# How to complete this task
Reproduce each record exactly, leaving nothing out.

Items from a data source
####
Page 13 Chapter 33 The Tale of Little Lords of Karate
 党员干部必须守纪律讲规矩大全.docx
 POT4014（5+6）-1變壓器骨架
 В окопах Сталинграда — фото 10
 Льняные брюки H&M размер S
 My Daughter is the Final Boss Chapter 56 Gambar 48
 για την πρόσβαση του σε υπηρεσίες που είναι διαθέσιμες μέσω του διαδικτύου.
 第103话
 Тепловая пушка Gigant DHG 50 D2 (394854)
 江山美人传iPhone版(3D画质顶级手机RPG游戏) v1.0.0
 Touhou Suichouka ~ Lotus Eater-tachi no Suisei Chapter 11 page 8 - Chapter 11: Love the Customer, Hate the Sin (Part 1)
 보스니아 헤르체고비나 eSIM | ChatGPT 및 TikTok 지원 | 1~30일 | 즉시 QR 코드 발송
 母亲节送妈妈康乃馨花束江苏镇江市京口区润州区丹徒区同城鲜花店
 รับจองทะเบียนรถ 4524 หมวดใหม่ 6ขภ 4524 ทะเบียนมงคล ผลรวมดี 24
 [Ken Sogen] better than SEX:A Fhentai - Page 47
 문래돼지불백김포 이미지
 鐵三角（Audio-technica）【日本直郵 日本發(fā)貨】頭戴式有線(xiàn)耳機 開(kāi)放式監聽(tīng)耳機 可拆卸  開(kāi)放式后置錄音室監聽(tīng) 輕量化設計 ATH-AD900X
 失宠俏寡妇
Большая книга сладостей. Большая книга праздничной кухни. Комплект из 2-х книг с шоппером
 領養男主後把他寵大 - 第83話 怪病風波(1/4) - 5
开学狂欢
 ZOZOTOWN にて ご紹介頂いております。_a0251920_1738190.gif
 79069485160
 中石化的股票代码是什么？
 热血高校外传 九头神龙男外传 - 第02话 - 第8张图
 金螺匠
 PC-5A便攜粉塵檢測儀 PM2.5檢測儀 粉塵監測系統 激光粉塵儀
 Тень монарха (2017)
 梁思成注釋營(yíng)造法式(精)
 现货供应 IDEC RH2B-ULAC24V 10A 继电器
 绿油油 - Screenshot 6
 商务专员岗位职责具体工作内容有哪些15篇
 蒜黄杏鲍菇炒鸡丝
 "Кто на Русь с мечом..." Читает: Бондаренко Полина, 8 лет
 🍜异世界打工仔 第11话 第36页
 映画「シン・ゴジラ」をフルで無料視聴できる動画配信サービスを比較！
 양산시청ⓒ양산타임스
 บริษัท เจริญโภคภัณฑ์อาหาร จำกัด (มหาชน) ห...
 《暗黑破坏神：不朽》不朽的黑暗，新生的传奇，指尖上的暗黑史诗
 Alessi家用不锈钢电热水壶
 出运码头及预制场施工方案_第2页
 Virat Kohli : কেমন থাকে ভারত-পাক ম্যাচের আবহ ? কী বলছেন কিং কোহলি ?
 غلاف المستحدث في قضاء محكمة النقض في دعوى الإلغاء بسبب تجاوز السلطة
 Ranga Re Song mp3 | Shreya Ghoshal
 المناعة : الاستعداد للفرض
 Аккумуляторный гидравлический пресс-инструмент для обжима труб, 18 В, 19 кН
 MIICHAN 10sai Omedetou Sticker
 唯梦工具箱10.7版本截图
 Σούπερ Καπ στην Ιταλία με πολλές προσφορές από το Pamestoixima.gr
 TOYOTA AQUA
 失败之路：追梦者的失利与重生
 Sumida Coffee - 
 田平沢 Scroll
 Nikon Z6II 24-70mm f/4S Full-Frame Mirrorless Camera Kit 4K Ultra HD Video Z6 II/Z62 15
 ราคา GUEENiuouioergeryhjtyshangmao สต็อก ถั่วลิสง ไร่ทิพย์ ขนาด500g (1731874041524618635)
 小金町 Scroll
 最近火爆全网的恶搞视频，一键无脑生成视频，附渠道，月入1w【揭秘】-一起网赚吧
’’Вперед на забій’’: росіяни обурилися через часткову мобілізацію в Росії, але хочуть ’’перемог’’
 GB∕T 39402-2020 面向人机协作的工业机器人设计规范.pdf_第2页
####
# Task output
Page 13 Chapter 33 The Tale of Little Lords of Karate
 党员干部必须守纪律讲规矩大全.docx
 POT4014（5+6）-1變壓器骨架
 В окопах Сталинграда — фото 10
 Льняные брюки H&M размер S
 My Daughter is the Final Boss Chapter 56 Gambar 48
 για την πρόσβαση του σε υπηρεσίες που είναι διαθέσιμες μέσω του διαδικτύου.
 第103话
 Тепловая пушка Gigant DHG 50 D2 (394854)
 江山美人传iPhone版(3D画质顶级手机RPG游戏) v1.0.0
 Touhou Suichouka ~ Lotus Eater-tachi no Suisei Chapter 11 page 8 - Chapter 11: Love the Customer, Hate the Sin (Part 1)
 보스니아 헤르체고비나 eSIM | ChatGPT 및 TikTok 지원 | 1~30일 | 즉시 QR 코드 발송
 母亲节送妈妈康乃馨花束江苏镇江市京口区润州区丹徒区同城鲜花店
 รับจองทะเบียนรถ 4524 หมวดใหม่ 6ขภ 4524 ทะเบียนมงคล ผลรวมดี 24
 [Ken Sogen] better than SEX:A Fhentai - Page 47
 문래돼지불백김포 이미지
 鐵三角（Audio-technica）【日本直郵 日本發(fā)貨】頭戴式有線(xiàn)耳機 開(kāi)放式監聽(tīng)耳機 可拆卸  開(kāi)放式后置錄音室監聽(tīng) 輕量化設計 ATH-AD900X
 失宠俏寡妇
Большая книга сладостей. Большая книга праздничной кухни. Комплект из 2-х книг с шоппером
 領養男主後把他寵大 - 第83話 怪病風波(1/4) - 5
开学狂欢
 ZOZOTOWN にて ご紹介頂いております。_a0251920_1738190.gif
 79069485160
 中石化的股票代码是什么？
 热血高校外传 九头神龙男外传 - 第02话 - 第8张图
 金螺匠
 PC-5A便攜粉塵檢測儀 PM2.5檢測儀 粉塵監測系統 激光粉塵儀
 Тень монарха (2017)
 梁思成注釋營(yíng)造法式(精)
 现货供应 IDEC RH2B-ULAC24V 10A 继电器
 绿油油 - Screenshot 6
 商务专员岗位职责具体工作内容有哪些15篇
 蒜黄杏鲍菇炒鸡丝
 "Кто на Русь с мечом..." Читает: Бондаренко Полина, 8 лет
 🍜异世界打工仔 第11话 第36页
 映画「シン・ゴジラ」をフルで無料視聴できる動画配信サービスを比較！
 양산시청ⓒ양산타임스
 บริษัท เจริญโภคภัณฑ์อาหาร จำกัด (มหาชน) ห...
 《暗黑破坏神：不朽》不朽的黑暗，新生的传奇，指尖上的暗黑史诗
 Alessi家用不锈钢电热水壶
 出运码头及预制场施工方案_第2页
 Virat Kohli : কেমন থাকে ভারত-পাক ম্যাচের আবহ ? কী বলছেন কিং কোহলি ?
 غلاف المستحدث في قضاء محكمة النقض في دعوى الإلغاء بسبب تجاوز السلطة
 Ranga Re Song mp3 | Shreya Ghoshal
 المناعة : الاستعداد للفرض
 Аккумуляторный гидравлический пресс-инструмент для обжима труб, 18 В, 19 кН
 MIICHAN 10sai Omedetou Sticker
 唯梦工具箱10.7版本截图
 Σούπερ Καπ στην Ιταλία με πολλές προσφορές από το Pamestoixima.gr
 TOYOTA AQUA
 失败之路：追梦者的失利与重生
 Sumida Coffee - 
 田平沢 Scroll
 Nikon Z6II 24-70mm f/4S Full-Frame Mirrorless Camera Kit 4K Ultra HD Video Z6 II/Z62 15
 ราคา GUEENiuouioergeryhjtyshangmao สต็อก ถั่วลิสง ไร่ทิพย์ ขนาด500g (1731874041524618635)
 小金町 Scroll
 最近火爆全网的恶搞视频，一键无脑生成视频，附渠道，月入1w【揭秘】-一起网赚吧
’’Вперед на забій’’: росіяни обурилися через часткову мобілізацію в Росії, але хочуть ’’перемог’’
 GB∕T 39402-2020 面向人机协作的工业机器人设计规范.pdf_第2页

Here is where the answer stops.